Pumpkin Spice Belgian Waffles + Toasted Pecans [with gluten and dairy-free substitutions]
Yields about 12 square waffles in my favorite Calphalon waffle maker!
For The Pecans
1 cup of raw pecan halves
Preheat the oven to 400 degrees F. Spread the pecans on a baking sheet. Bake at 400 for 8-10 minutes, or until you can smell the pecans roasting. Remove from the oven and set aside to cool. Now make the waffles!
For The Waffles
1 1/4 cup all-purpose flour (or 1 cup gluten free flour mix + 1/4 cup tapioca flour, see *notes below to make your own mix!)
1/4 cup light brown sugar (or coconut palm sugar)
3 tbsp. cornstarch (if using gluten free flour, don’t add cornstarch!)
1 1/2 tsp. baking powder
1/2 tsp. salt
2 tsp. cinnamon
1 tsp. ground ginger
1/2 tsp. ground nutmeg
2 large eggs
1 cup whole milk (or 3/4 cup almond milk if you’re)
1 cup pumpkin puree
4 tbsp. butter, melted (or 1/4 cup unsweetened applesauce)
*NOTE: to make a batch of gluten free flour (ideal for waffles and biscuits!), weigh out and thoroughly whisk together the following ingredients: 216g gluten free oat flour, 220g white rice flour, 10g cornstarch, 224g tapioca starch and 6g psyllium husk (or 6 tsp. xanthan gum)
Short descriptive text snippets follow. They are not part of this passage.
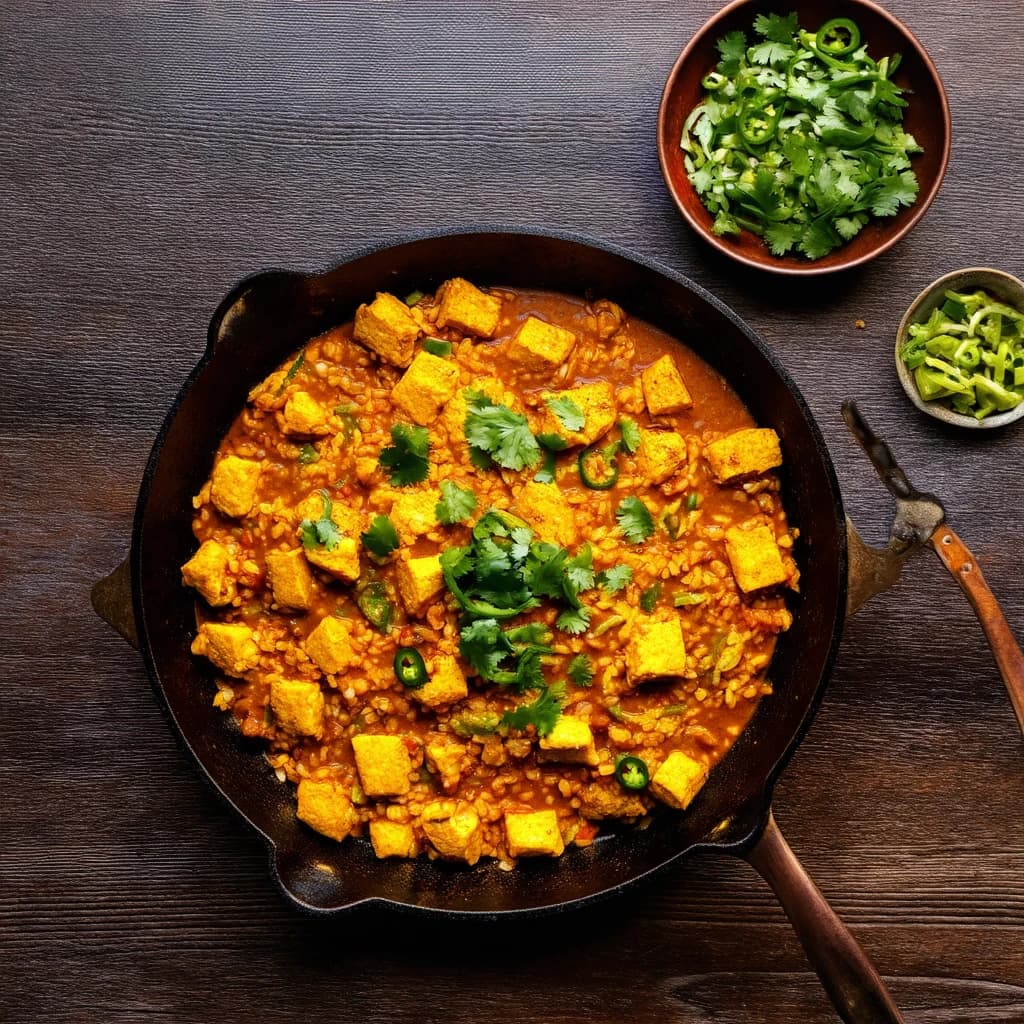 Amritsari Paneer Bhurji Recipe Kit recipe
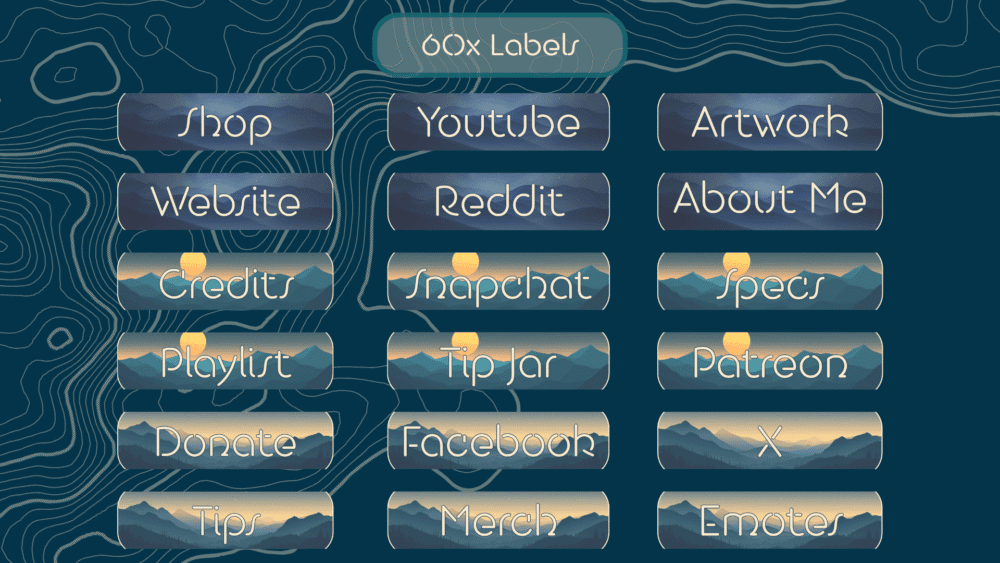 Delight - Stream Package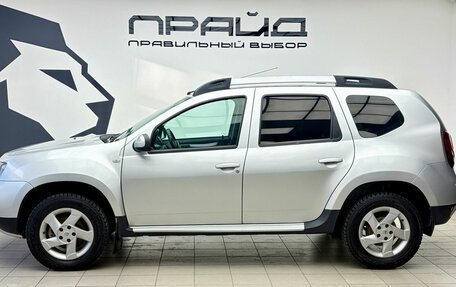 Renault Duster I рестайлинг, 2017 год, 1 299 900 рублей, 6 фотография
*ALSO! When I make the GF/DF version of these waffles, I adjust my waffle maker to the darkest setting, and when the timer beeps I cook them for an additional 2-4 minutes until the waffles are crisp and cooked through!
Lightly oil your waffle iron and set it to the desired temperature.
Add all dry ingredients to a medium bowl and whisk thoroughly.
Beat together eggs, milk and pumpkin puree, then add the melted butter and whisk to combine.
Add the wet ingredients to the dry, and stir until just combined.
Pour the batter into your waffle iron and follow the manufacturer’s instructions! I use a 1/3 cup measure to scoop my batter into each square in the Calphalon iron, which yields these adorable, rough edged Belgian waffles.
Top your waffles with toasted pecans and enjoy with a drizzle of pure maple syrup and some hot coffee!